Members of staff and the Student Council were on hand to welcome Mr Kenny to Mount St Michael before he proceeded to the school gym where he addressed the students. In a wide ranging speech, he spoke of young people in Ireland today as being among the best in the world and capable of performing to the highest levels.
He told the story of well-known dancer Michael Flatley who, a week earlier at a conference in Limerick, recalled his own youth growing up in Chicago.
“Michael told us he did not have the opportunity to go to college. He was working with his pick and shovel in Chicago along with his father. When he asked his father why they had to work seven days a week, his father threw down the shovel and said ‘the reason I am working seven days a week is that you won’t have to work seven when you grow up.’
Ms Fionnghuala King, principal, said Mercy Sisters arrived quietly to Claremorris at the end of the 19th century and steadfastly provided opportunities for education for all the girls of the town and its hinterland for the next hundred years, often through hard times.
“We walk in their footsteps today as together with our now lay trustees CEIST, our Board of Management and the support of the community of Claremorris, we at the school continue to provide a value-based education - education beyond the books - education for life.
“We hope that our students leave Mount St. Michael with a strong sense of self-worth, confident in who they are and what they are capable of. Lucinda Creighton, Minister for European Affairs, is a proud Mount St Michael girl.
“Our new website is the school’s way of telling our story beyond the school walls, beyond the town’s boundary and outside our county border, across the Shannon, across the Irish Sea and indeed across the Atlantic and beyond.
“The restyling of the website began in 2010 when lots of groundwork was done by teachers Sinéad Grogan, Ashling Warde and Sinéad Egan. Since June this year, Sinéad Egan has embraced this project single handedly with the support of the staff and management of the school. I want to acknowledge all those who worked on the website but in particular Sinéad who has put in uncountable hours so that today we have a website to be proud of.”
Ms King spoke of the increasing strain on teachers at the school because of the cut in numbers. “I want to express in the strongest possible terms that the greatest resource we have in this school is our teachers. In 2001 we had 32 permanent teachers - for the same number of students, today, we have 26. The proposed increasing in the pupil-teacher ratio in the budget will bring us beyond where we can go.”

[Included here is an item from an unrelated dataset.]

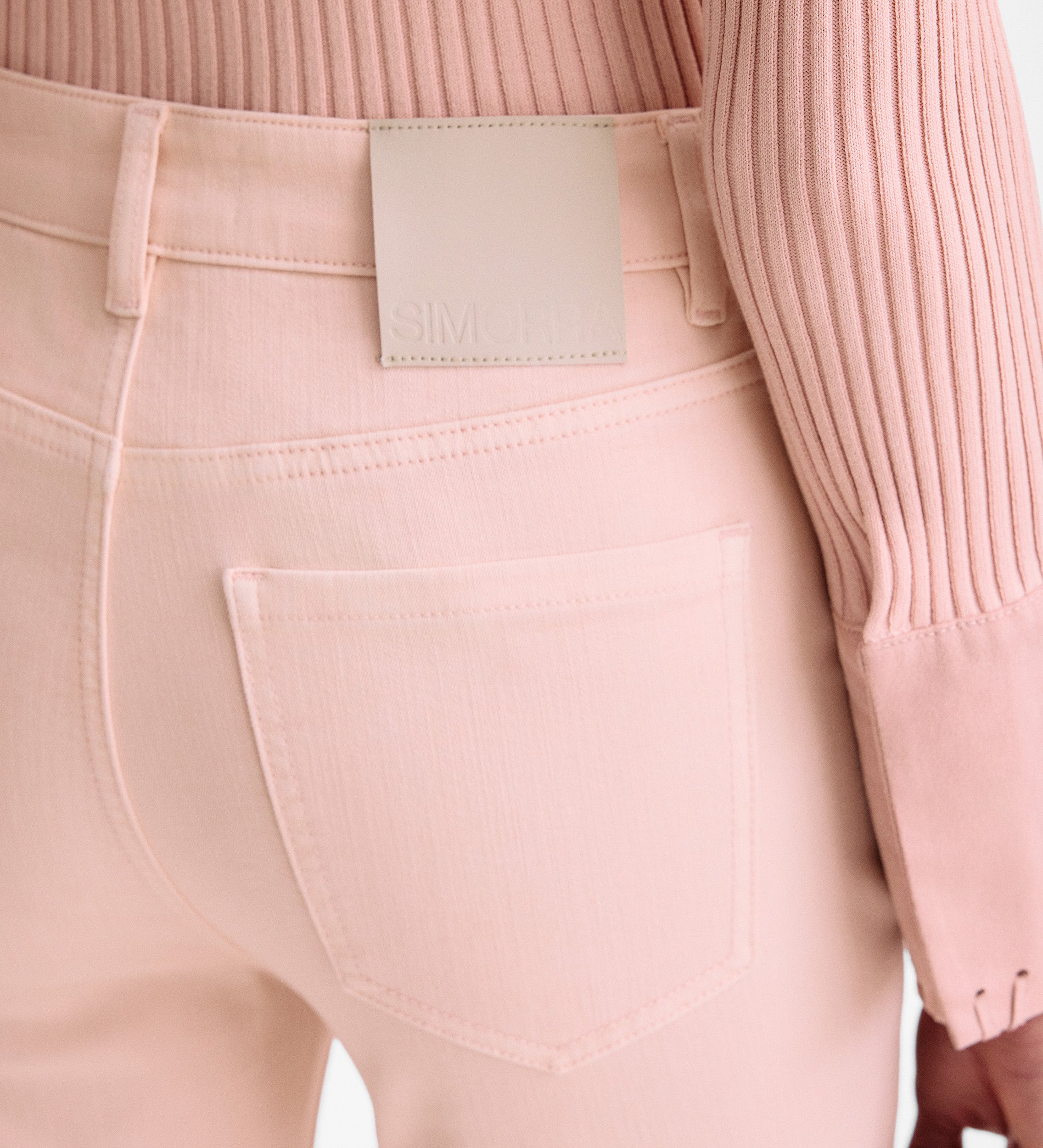 Pantalon slim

On behalf of the Student Council, Sarah Commons expressed thanks to the Taoiseach for taking time out to visit the school while Shania McDonagh, who won a national Texaco award for her art in recent months, presented Mr Kenny with a portrait of himself.
The Taoiseach presided at the official opening of the renovated Gymnasium, Changing Rooms, Art and Media Rooms and the official launch of our iPad Enhanced Learning Initiative and school website when he visited St Colman’s College. Here he reminisced about his footballing days and games played against the college back in the 1970s. A link with that era was Frank Molloy (Proinsias O Maolmhuaidh) who taught in Castlebar before coming to his home school of St Colman’s.
School principal Jimmy Finn recalled many of the developments at the college in recent years, including the major all-weather football pitch. “This project is now fully complemented by the completion of the gymnasium and changing rooms and will help to ensure that St. Colman’s continues to be a nursery for Gaelic football and sporting talent well into the future. I wish to acknowledge the foresight and vision of then School President, Fr. Michael Lyons, who in 1974 initiated and completed the building of the school gymnasium without the assistance of public funds.”
He said St Colman’s had been to the forefront of technological innovation for many years. “Mrs Maura Newell, who retired from staff last year, prompted our first foray into Computer Technology, setting up our first dedicated computer room using Apple Macs in 1985. Thanks to the vision and initiative, of our late colleague, Michael McDonnell, and the support of local business and fundraising, we developed a dedicated PC Multi-Media Room in 2006. More recently, thanks to Department of Education and Skills funding of around 50,000 and a generous donation from Smyths Toys, we have upgraded our ICT facilities and can confidently state that we are at the forefront of technological innovation in the school system. We have recently reconstructed our school website, www.stcolmans.ie with the assistance of a past pupil Eoghain O Braonain.”
Fr Peter Gannon, PP presided at the blessing ceremony while retired woodwork teacher, Seán Foody, on behalf of the college, presented An Taoiseach with an artefact fashioned out of the timber of a yew tree.
Mr Kenny was taken on a guided tour of St Colman’s prior to departing for Dublin.